“To sum up the results of our examination of certain series of fossil mammals, one sees clearly that transformation, whether in the way of the addition of new parts or the reduction of those already present, acts just as if the direct action of the environment and the habits of the animal were the efficient cause of the change, and any explanation which excludes the direct action of such agencies is confronted by the difficulty of an immense number of the most striking coincidences.... So far as I can see, the theory of determinate variations and of use-inheritance is not antagonistic but supplementary to natural selection, the latter theory attempting no explanation of the causes of variation. Nor is it pretended for a moment that use and disuse are the sole or even the chief factors in variation.”

As early as 1868 the Lamarckian factor of isolation, due to migration into new regions, was greatly extended, and shown by Moritz Wagner[234] to be a most important agent in the limitation and fixation of varieties and species.

“Darwin’s work,” he says, “neither satisfactorily explains the external cause which gives the first impulse to increased individual variability, and consequently to natural selection, nor that condition which, in connection with a certain advantage in the struggle for life, renders the new characteristics indispensable. The latter is, according to my conviction, solely fulfilled by the voluntary or passive migration of organisms and colonization, which depends in a great measure upon the configuration of the country; so that only under favorable conditions would the home of a new species be founded.”

This was succeeded by Rev. J. T. Gulick’s profound essays “On Diversity of Evolution under One Set of External Conditions”[235] (1872), and on “Divergent Evolution through Cumulative Segregation”[236] (1887).

These and later papers are based on his studies on the land shells of the Hawaiian Islands. The cause of their extreme diversity of local species is, he claims, not due to climatic conditions, food, enemies, or to natural selection, but to the action of what he calls the “law of segregation.”

Fifteen years later Mr. Romanes published his theory of physiological selection, which covered much the same ground.

A very strong little book by an ornithologist of wide experience, Charles Dixon,[237] and refreshing to read, since it is packed with facts, is Lamarckian throughout. The chief factor in the formation of local species is, he thinks, isolation; the others are climatic influences (especially the glacial period), use and disuse, and sexual selection as well as chemical agency. Dixon insists on the “vast importance of isolation in the modification of many forms of life, without the assistance of natural selection.” Again he says: “Natural selection, as has often been remarked, can only preserve a beneficial variation—it cannot originate it, it is not a cause of variation; on the other hand, the use or disuse of organs is a direct cause of variation, and can furnish natural selection with abundance of material to work upon” (p. 49). The book, like the papers of Allen, Ridgway, Gulick, and others, shows the value of isolation or segregation in special areas as a factor in the origination of varieties and species, the result being the prevention of interbreeding, which would otherwise swamp the incipient varieties.

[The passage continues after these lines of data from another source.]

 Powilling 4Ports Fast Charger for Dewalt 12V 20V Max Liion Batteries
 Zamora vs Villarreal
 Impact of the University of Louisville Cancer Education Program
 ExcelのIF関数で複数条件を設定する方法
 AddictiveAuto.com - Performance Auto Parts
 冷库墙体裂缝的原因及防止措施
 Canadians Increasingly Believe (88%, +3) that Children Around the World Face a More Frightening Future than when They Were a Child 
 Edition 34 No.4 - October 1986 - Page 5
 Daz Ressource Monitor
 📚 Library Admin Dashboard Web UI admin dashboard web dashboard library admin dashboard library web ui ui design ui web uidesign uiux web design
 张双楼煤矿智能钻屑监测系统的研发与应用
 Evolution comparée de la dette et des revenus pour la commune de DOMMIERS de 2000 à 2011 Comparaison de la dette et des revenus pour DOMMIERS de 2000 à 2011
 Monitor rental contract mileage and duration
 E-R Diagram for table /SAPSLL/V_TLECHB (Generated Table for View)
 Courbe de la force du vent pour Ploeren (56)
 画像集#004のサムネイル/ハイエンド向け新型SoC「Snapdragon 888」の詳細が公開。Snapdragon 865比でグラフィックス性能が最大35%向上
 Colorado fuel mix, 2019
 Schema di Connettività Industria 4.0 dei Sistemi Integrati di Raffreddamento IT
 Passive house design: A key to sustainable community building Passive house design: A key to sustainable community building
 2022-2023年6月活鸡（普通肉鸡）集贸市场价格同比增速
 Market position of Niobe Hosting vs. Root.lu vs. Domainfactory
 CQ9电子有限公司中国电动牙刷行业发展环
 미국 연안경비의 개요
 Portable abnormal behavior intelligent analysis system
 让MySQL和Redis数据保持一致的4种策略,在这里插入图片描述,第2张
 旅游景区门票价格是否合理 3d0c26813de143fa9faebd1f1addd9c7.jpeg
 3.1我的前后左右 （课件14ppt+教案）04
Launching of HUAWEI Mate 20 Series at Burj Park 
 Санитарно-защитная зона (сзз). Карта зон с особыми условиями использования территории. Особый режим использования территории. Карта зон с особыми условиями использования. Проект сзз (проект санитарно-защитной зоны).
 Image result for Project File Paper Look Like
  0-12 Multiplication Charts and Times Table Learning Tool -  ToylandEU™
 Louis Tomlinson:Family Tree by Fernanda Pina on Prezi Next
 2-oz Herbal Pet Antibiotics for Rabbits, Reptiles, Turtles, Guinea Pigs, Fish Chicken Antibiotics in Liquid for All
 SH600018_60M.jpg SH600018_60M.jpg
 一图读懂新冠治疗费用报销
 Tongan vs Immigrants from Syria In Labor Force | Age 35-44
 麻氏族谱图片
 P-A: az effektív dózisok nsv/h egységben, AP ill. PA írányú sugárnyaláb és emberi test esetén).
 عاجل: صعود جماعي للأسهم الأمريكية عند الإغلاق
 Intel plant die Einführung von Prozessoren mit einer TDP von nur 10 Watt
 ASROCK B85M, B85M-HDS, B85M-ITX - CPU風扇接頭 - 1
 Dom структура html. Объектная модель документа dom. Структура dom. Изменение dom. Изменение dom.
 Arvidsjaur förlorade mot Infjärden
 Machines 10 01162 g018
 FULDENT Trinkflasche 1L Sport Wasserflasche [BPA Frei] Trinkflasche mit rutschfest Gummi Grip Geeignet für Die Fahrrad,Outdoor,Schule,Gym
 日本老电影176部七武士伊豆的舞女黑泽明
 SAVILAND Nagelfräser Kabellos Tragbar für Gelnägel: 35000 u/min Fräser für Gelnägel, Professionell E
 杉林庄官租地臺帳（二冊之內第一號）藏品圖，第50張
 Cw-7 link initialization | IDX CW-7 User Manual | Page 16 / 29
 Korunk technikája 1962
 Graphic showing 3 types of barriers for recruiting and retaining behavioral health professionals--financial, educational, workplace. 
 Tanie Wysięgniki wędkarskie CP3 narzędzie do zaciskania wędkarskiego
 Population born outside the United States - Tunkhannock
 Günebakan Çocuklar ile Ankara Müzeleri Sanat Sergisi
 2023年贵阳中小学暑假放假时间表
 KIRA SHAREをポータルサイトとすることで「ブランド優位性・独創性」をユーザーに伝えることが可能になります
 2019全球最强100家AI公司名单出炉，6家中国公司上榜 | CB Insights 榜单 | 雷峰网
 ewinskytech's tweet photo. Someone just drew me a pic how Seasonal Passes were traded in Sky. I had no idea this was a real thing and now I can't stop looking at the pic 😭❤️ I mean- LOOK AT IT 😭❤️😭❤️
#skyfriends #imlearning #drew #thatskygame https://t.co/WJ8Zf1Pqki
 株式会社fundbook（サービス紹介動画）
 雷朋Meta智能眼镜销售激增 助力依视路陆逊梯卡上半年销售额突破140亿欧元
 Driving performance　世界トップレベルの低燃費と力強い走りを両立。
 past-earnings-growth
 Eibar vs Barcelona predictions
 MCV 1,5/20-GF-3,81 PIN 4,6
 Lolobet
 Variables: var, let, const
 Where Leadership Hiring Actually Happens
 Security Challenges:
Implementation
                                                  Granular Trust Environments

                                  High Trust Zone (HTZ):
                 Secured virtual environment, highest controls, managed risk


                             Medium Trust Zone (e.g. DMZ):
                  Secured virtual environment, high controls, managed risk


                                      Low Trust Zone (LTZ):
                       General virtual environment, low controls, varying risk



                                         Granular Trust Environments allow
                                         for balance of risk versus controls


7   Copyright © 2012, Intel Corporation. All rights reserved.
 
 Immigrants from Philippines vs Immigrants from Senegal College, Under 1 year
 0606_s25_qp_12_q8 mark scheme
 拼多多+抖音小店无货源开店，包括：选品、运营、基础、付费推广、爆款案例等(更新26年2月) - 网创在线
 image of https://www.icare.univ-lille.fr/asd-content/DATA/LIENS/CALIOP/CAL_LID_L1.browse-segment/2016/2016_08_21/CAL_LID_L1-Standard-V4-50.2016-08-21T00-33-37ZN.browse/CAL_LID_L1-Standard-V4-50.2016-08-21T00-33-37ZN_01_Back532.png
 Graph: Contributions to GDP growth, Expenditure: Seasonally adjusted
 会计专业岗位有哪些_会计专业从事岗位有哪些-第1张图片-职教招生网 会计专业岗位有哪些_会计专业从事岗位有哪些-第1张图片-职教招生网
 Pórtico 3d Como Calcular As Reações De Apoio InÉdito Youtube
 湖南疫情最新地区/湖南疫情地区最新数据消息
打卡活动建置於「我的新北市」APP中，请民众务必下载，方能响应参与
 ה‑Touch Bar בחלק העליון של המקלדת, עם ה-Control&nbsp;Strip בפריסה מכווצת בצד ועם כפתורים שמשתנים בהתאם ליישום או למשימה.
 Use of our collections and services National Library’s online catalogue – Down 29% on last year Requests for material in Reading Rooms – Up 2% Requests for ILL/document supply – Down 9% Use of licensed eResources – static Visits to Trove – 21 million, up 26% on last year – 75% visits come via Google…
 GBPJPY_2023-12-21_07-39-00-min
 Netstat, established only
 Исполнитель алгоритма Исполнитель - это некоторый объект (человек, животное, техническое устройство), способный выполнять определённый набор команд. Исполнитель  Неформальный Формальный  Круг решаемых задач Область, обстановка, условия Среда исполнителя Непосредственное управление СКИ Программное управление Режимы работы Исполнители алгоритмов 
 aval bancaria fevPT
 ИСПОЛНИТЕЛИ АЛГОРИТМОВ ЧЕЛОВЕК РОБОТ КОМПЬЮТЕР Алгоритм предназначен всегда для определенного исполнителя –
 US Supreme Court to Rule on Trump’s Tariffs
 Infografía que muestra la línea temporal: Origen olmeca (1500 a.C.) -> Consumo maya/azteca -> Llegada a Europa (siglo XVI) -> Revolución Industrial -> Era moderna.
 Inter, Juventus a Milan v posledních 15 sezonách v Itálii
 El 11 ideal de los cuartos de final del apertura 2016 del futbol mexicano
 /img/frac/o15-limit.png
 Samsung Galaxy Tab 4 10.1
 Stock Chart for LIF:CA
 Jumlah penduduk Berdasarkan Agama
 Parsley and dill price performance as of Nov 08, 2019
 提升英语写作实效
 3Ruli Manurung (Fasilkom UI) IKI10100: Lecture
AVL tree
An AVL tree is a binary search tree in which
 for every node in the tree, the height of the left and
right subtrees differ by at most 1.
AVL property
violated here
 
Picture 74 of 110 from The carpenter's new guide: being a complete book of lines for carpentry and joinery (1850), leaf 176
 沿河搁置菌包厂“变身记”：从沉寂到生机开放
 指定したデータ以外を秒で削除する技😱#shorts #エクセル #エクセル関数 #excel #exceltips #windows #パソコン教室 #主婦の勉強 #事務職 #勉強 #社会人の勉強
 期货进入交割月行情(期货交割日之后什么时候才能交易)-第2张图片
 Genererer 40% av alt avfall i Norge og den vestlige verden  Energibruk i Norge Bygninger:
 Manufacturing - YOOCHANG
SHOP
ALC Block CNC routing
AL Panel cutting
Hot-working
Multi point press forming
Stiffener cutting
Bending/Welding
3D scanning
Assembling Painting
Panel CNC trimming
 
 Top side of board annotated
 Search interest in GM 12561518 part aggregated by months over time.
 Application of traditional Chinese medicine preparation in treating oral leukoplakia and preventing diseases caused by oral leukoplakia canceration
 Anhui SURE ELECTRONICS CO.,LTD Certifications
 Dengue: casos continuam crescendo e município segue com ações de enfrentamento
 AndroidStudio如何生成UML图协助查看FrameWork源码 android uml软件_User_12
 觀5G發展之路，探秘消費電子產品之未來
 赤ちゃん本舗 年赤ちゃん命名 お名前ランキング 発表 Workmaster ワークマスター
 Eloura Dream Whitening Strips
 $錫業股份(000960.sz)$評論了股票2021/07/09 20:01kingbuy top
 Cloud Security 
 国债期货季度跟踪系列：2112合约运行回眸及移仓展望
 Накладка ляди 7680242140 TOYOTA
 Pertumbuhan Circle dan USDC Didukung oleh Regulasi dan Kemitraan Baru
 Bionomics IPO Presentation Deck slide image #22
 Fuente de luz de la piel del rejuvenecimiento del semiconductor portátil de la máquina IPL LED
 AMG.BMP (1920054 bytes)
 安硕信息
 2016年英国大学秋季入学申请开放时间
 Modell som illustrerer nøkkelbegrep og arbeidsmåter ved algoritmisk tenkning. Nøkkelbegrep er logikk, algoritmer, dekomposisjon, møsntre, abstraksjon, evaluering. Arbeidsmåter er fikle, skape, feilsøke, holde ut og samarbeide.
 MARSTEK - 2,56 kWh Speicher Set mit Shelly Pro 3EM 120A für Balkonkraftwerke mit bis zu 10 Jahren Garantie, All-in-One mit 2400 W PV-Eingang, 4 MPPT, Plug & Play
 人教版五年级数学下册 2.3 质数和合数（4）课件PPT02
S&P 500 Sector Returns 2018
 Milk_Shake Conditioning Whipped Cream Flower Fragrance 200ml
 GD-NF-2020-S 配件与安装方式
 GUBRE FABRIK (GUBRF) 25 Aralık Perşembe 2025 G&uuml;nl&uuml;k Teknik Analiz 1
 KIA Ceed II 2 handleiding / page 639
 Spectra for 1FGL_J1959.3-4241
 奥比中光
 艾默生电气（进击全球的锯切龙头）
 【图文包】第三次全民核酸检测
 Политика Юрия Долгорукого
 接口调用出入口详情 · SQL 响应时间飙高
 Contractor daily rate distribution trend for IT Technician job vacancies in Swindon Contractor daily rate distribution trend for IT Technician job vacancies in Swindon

Here might be cited Delbœuf’s law:[238]

“When a modification is produced in a very small number of individuals, this modification, even were it advantageous, would be destroyed by heredity, as the favored individuals would be obliged to unite with the unmodified individuals. Il n’en est rien, cependant. However great may be the number of forms similar to it, and however small may be the number of dissimilar individuals which would give rise to an isolated individual, we can always, while admitting that the different generations are propagated under the same conditions, meet with a number of generations at the end of which the sum total of the modified individuals will surpass that of the unmodified individuals.” Giard adds that this law is capable of mathematical demonstration. “Thus the continuity or even the periodicity of action of a primary factor, such, for example, as a variation of the milieu, shows us the necessary and sufficient condition under which a variety or species originates without the aid of any secondary factor.”

Semper,[239] an eminent zoölogist and morphologist, who also was the first (in 1863) to criticise Darwin’s theory of the mode of formation of coral atolls, though not referring to Lamarck, published a strong, catholic, and original book, which is in general essentially Lamarckian, while not undervaluing Darwin’s principle of natural selection. “It appears to me,” he says, in the preface, “that of all the properties of the animal organism, Variability is that which may first and most easily be traced by exact investigation to its efficient causes.”